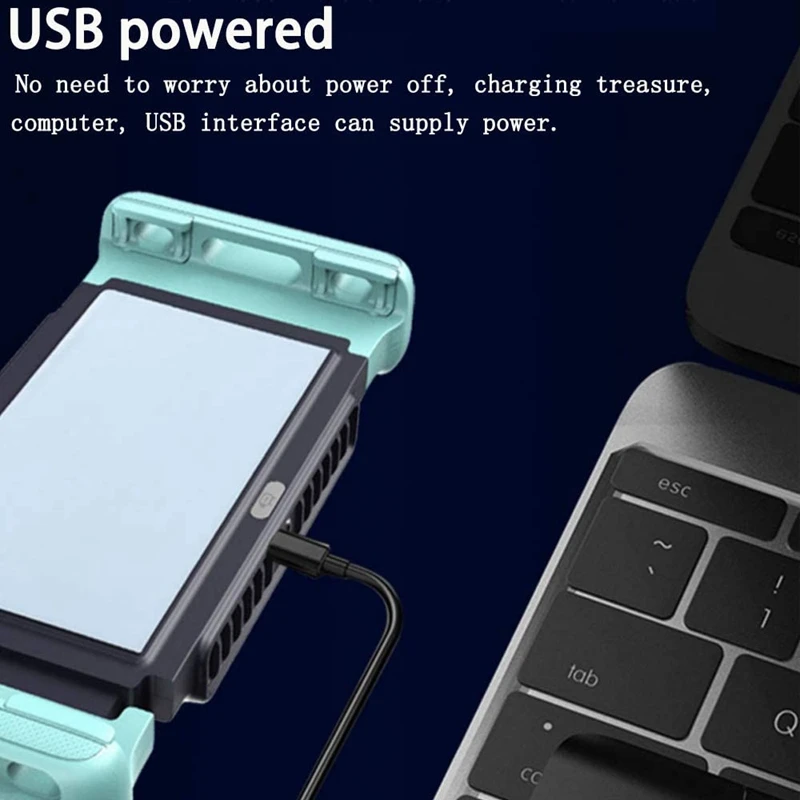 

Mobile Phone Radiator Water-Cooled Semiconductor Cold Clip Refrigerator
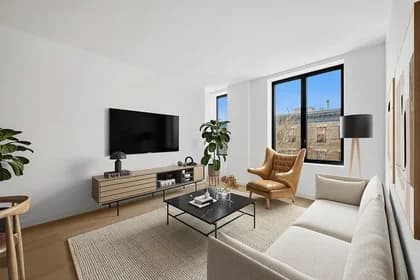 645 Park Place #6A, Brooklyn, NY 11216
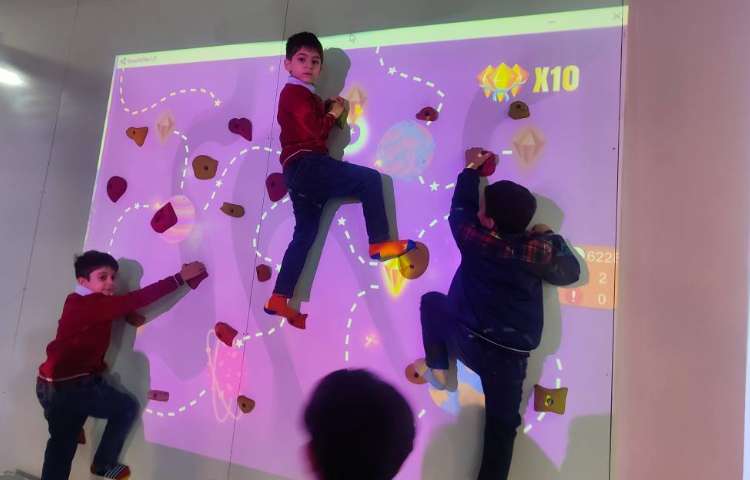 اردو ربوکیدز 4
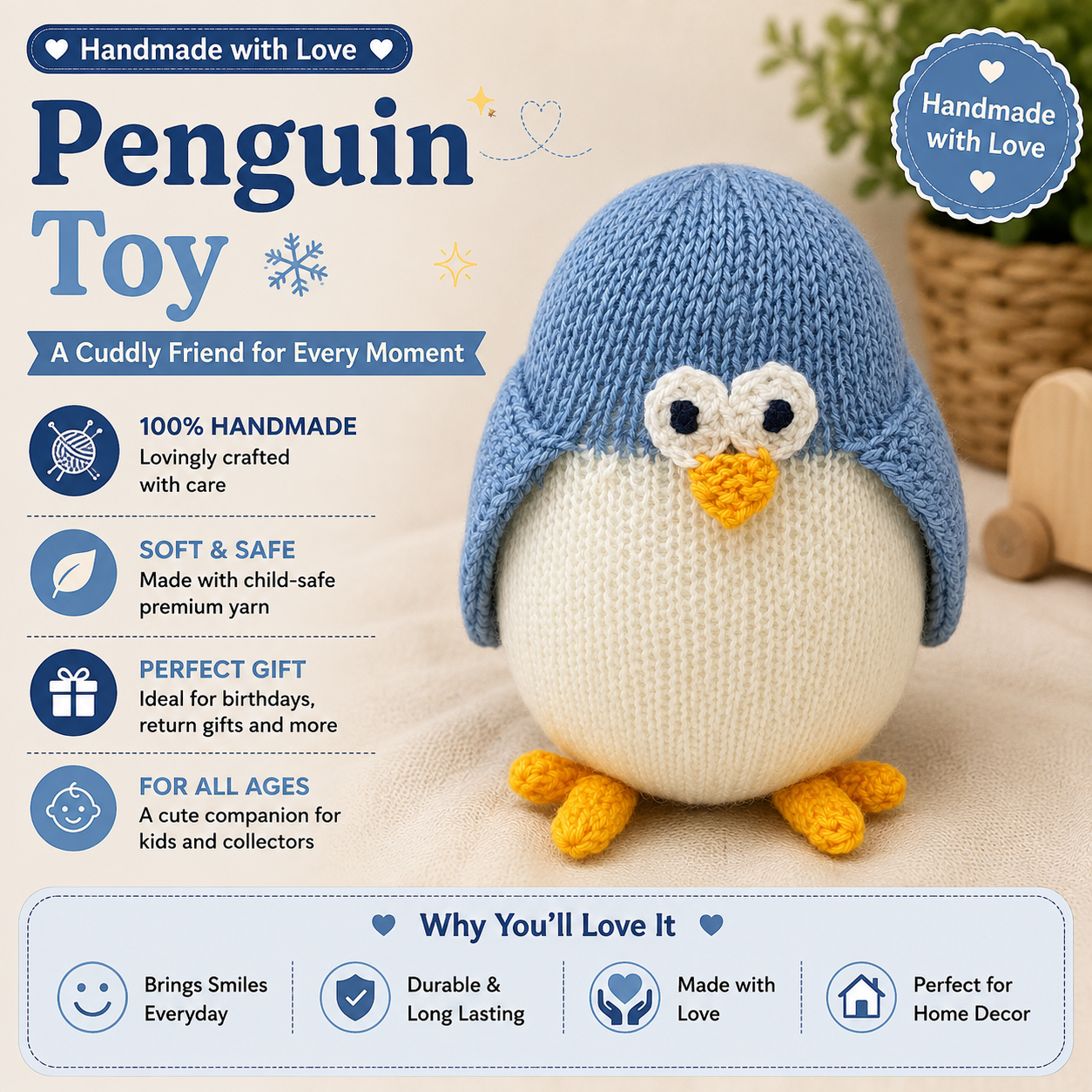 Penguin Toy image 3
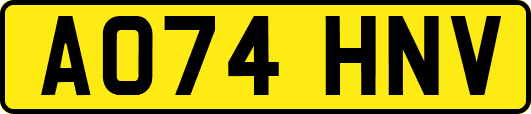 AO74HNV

**How to complete this task**
The expected output is the complete listing, word for word, without any picture.

**Solution to the exercise**
Mobile Phone Radiator Water-Cooled Semiconductor Cold Clip Refrigerator
 645 Park Place #6A, Brooklyn, NY 11216
 اردو ربوکیدز 4
 Penguin Toy image 3
 AO74HNV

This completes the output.